In 2008, Hillel Glazer, Jeff Dalton, David Anderson, Mike Konrad and Sandra Shrum published CMMI or Agile: Why Not Embrace Both!, opening a window for those organizations that wish to keep their processes under control while experiencing the flexibility that agile processes provide. CMMI practices are perceived as hostile to agile, self-organized teams because CMMI and agile teams have evolved into different cultures, which drives misunderstandings more often than expected. As an example, agile teams rarely use the word “predictability”, which is critical to the CMMI model.

On the other hand, CMMI is a cross-organizational approach which has proven successful in terms of quality assurance and cost when executed properly, despite the high activation energy that is required for CMMI in an organization.

When an organization decides to go with CMMI, mostly sponsored by upper management, it often collides with self-organized teams who see CMMI as a hazard to their objectives. So how can a big organization achieve technical maturity levels (2-3)?

Removing language barriers

The first problem to be addressed is language barriers. An evangelist or a process engineer needs to deal with teams that use different techniques by speaking the same language.
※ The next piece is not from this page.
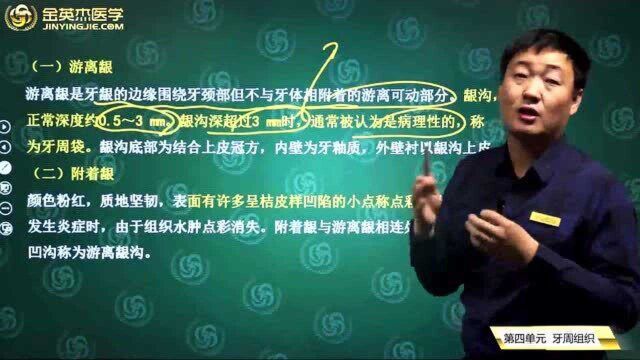 口腔医学综合01口腔组织病理学04元牙周组织01牙龈的分类及其作用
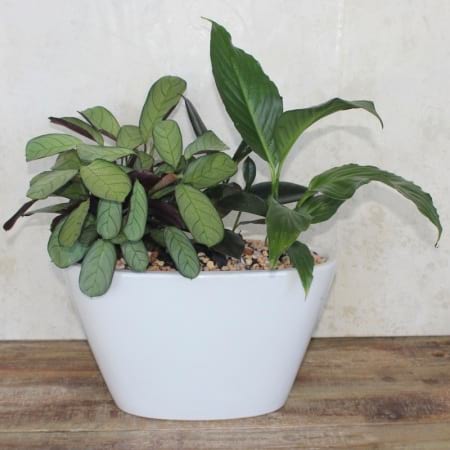 Thriving Garden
That’s what modern technical communication approaches call metalanguage. By following a metalanguage, you can be sure team members will be able to translate it into their natural lifecycle words: for example, a PMP fan will love talking about “functional requirements” but an agile team member will prefer the term “user stories”. They are talking about same concept, but the way they apply this concept is what it makes it different. In this example, you could use the term “specification” to make both happy and establish a common understanding.

Metalanguage is the first key to success. If you as a CMMI evangelist can sit with an agile team member and a project manager and they can talk with each other using the same metalanguage, you have the language gap covered.

Metalanguage Term

Formal Methodology

Agile Methodology

Goal

Functional Scope

Epic

Business Case

Use Cases

User Story

Appliance

Scenario Requirements

Acceptance Conditions

Review

Periodical Tracking Meeting

Retrospective

Fig 1: Some requirement development classification for customer requirements.

Identifying and using a common metalanguage is how a CMMI evangelist can proceed to next phase, covering maturity gaps, but an evangelist must consider that working on a metalanguage is a never-ending task that will need to be extended and refined continuously.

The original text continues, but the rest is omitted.